# REQUIREMENT:
Retype every line from the top of the entries down to the one with "Google Pixel 10 Pro XL", both included, and skip the pictures.

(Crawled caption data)

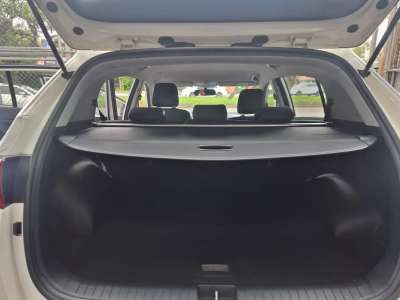 Kia Sportage - Image 9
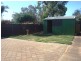 30 Parkview Drive, Blakeview SA 5114
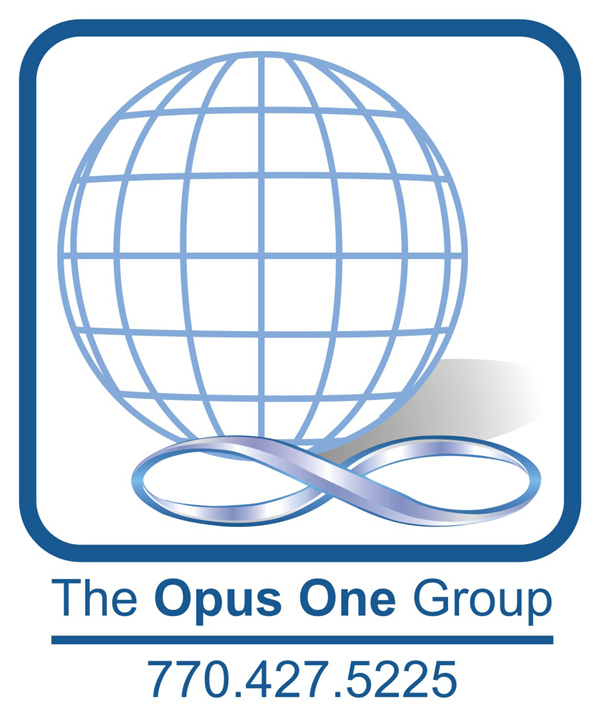 Logo Design by Sanchez Grafix for this project | Design #4487739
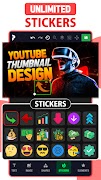 PIXTA - Thumbnail Maker 스크린샷 3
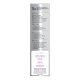 Antitranspirante Rexona Clinical Classic Crema 58gr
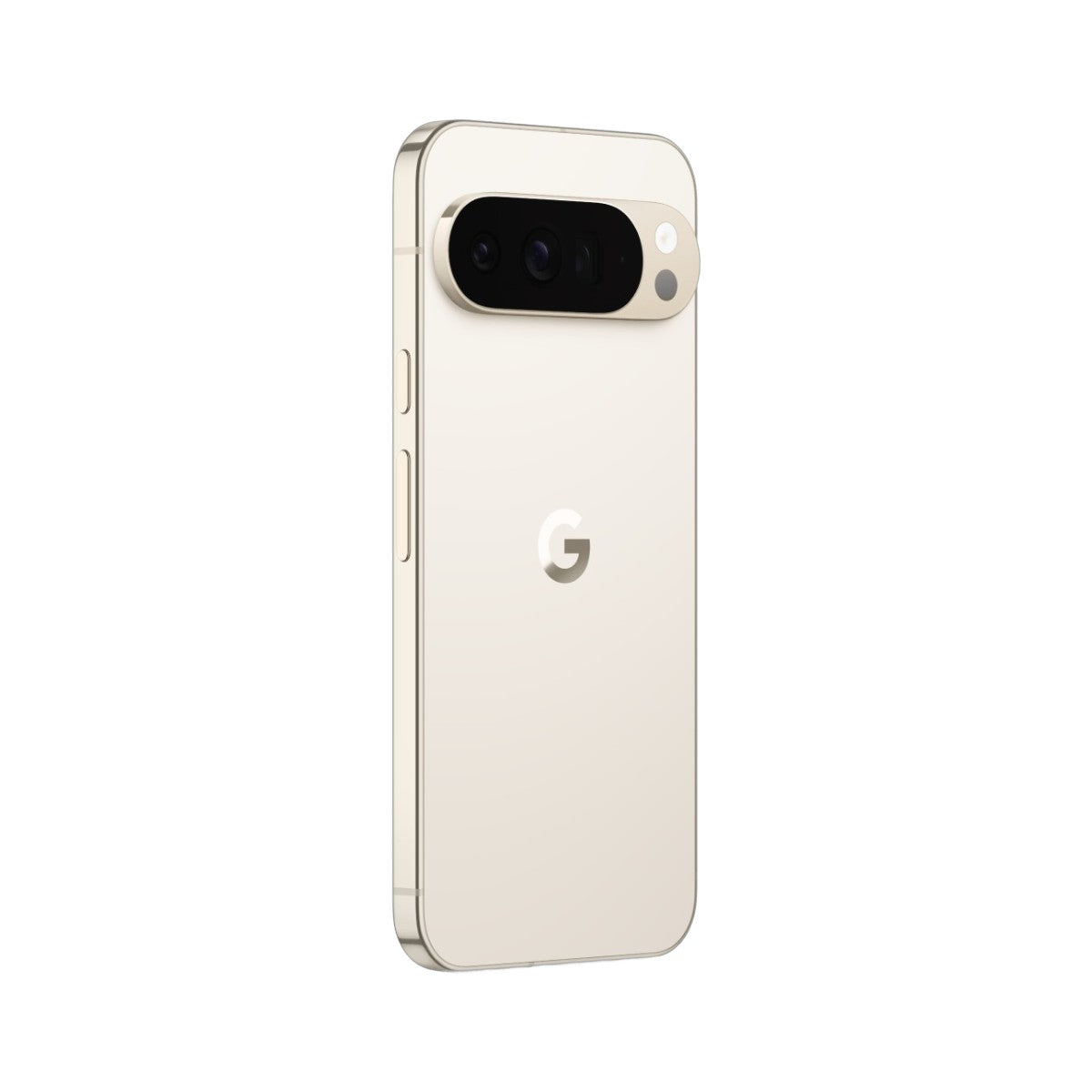 Google Pixel 10 Pro XL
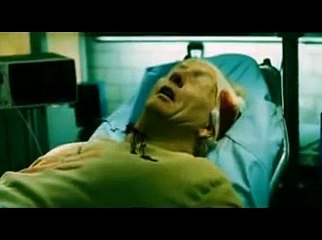 Saw 3 Ending Español latino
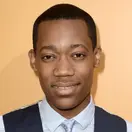 Tyler James Williams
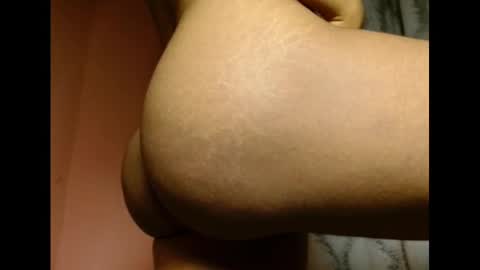 vee62 online show from July 26, 3:04 am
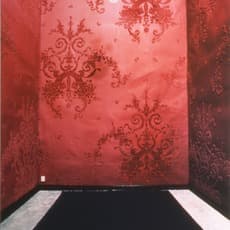Julie Becker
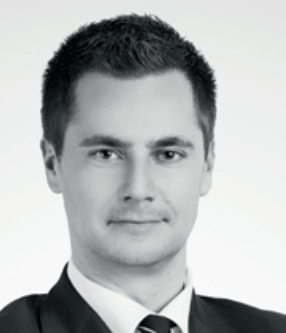 Mgr. Ondřej Florián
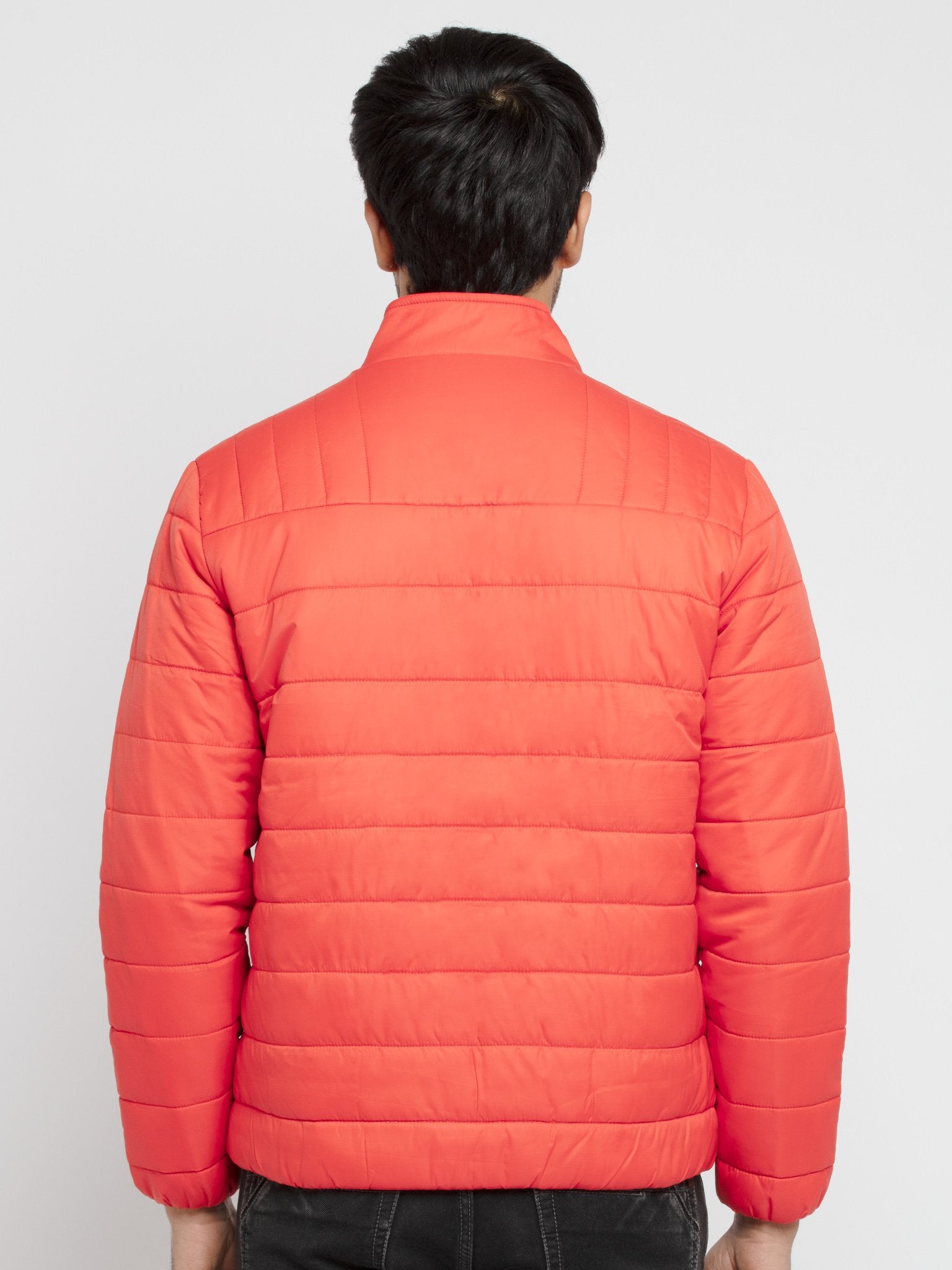 boomber jackets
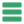 FluidForms logo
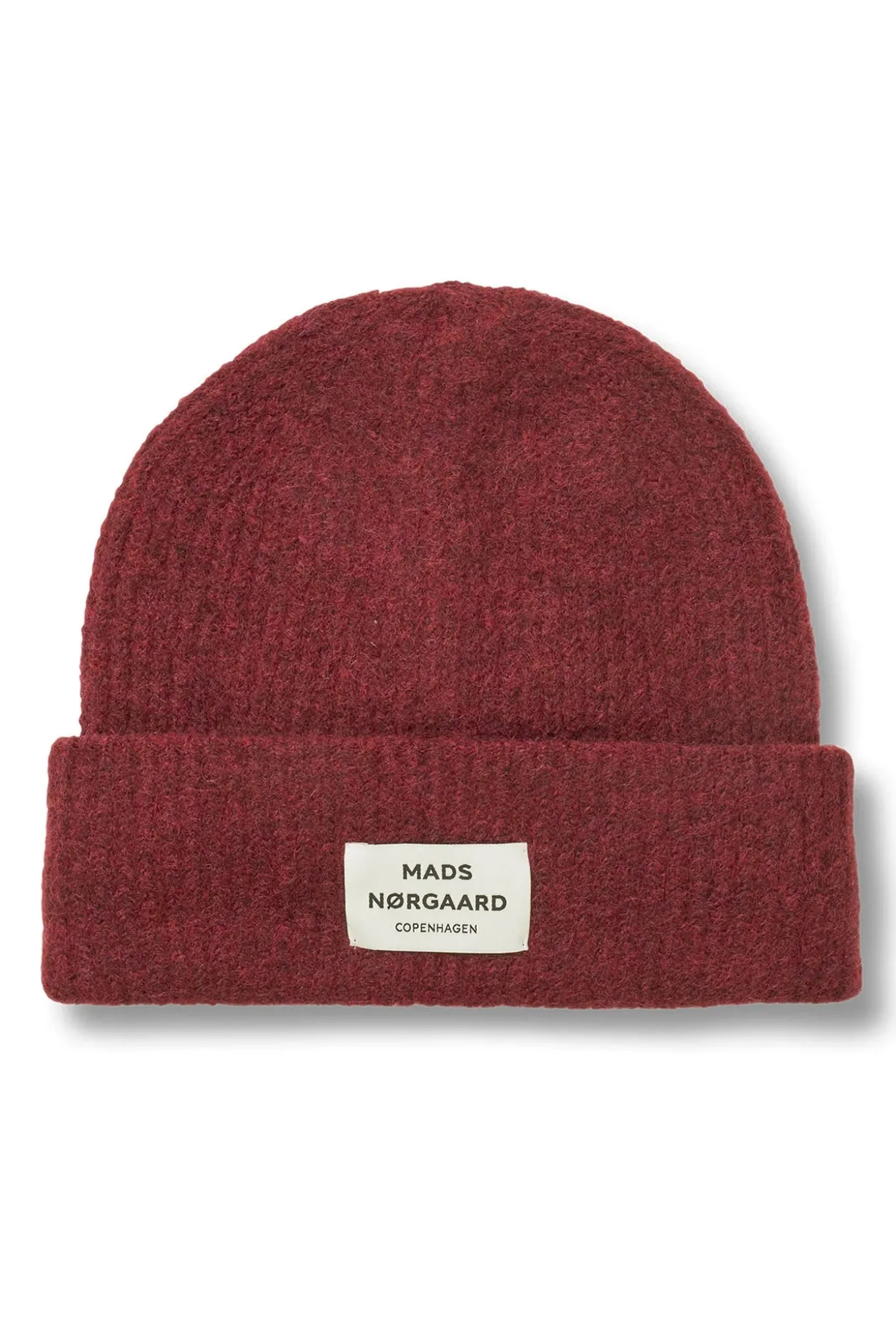 ANJU HAT Wine 205001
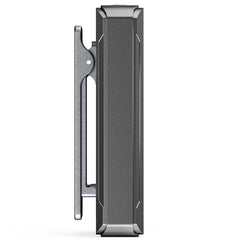 BTR13 Zwart - Outlet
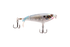 files/168101Herring.png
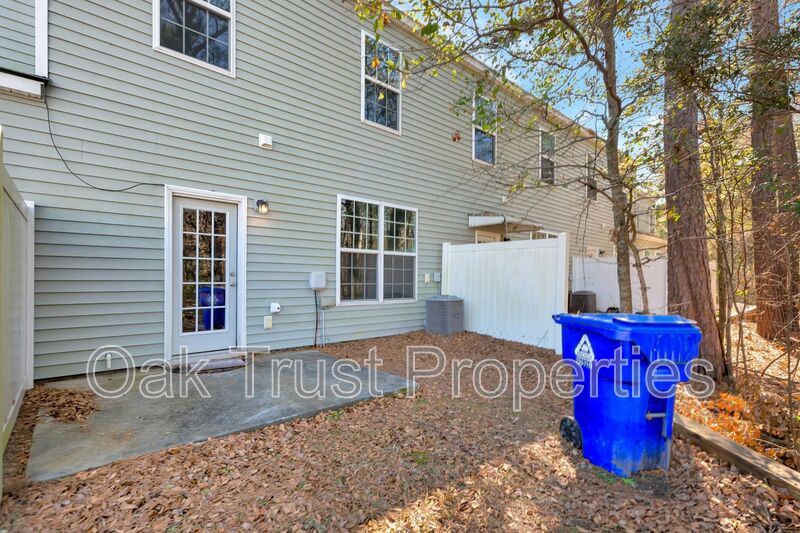 University Park property image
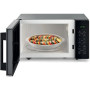 Мікрохвильова піч Whirlpool MWP 252 SB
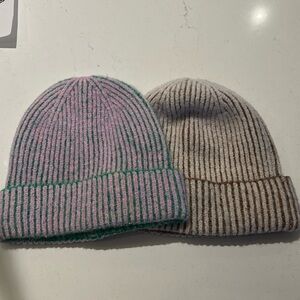 Aerie Hat Bundle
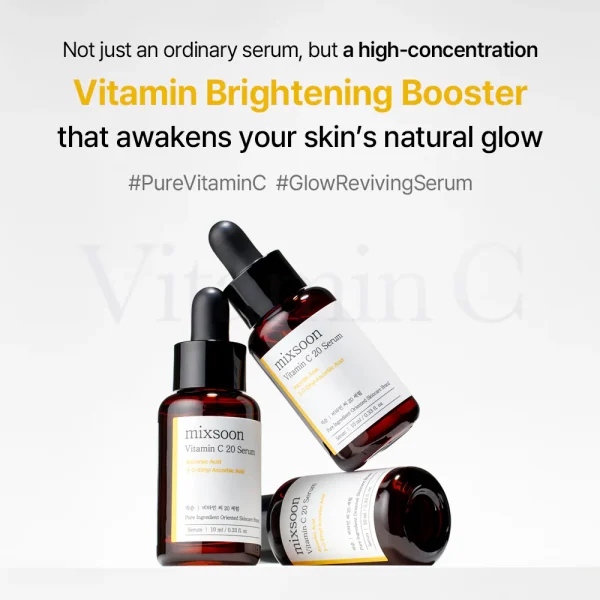 mixsoon-vitamin-c-20-serum-10ml-pic-3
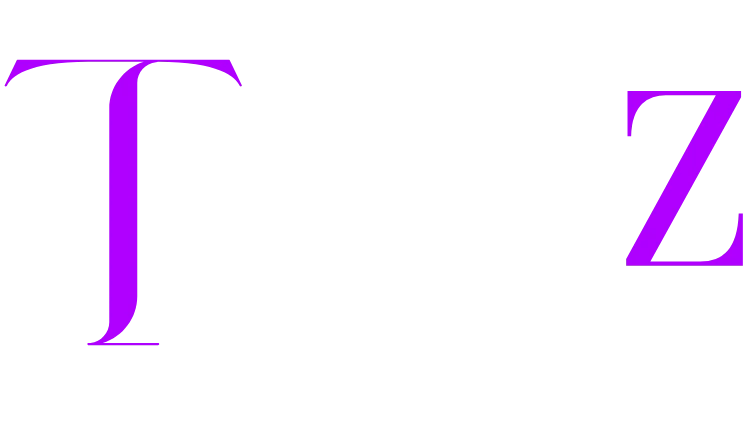 TrendZ Art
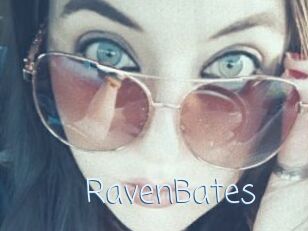RavenBates
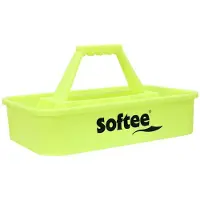 Softee Carrier For 12 S Flaska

# OUTPUT:
 Kia Sportage - Image 9
 30 Parkview Drive, Blakeview SA 5114
 Logo Design by Sanchez Grafix for this project | Design #4487739
 PIXTA - Thumbnail Maker 스크린샷 3
 Antitranspirante Rexona Clinical Classic Crema 58gr
 Google Pixel 10 Pro XL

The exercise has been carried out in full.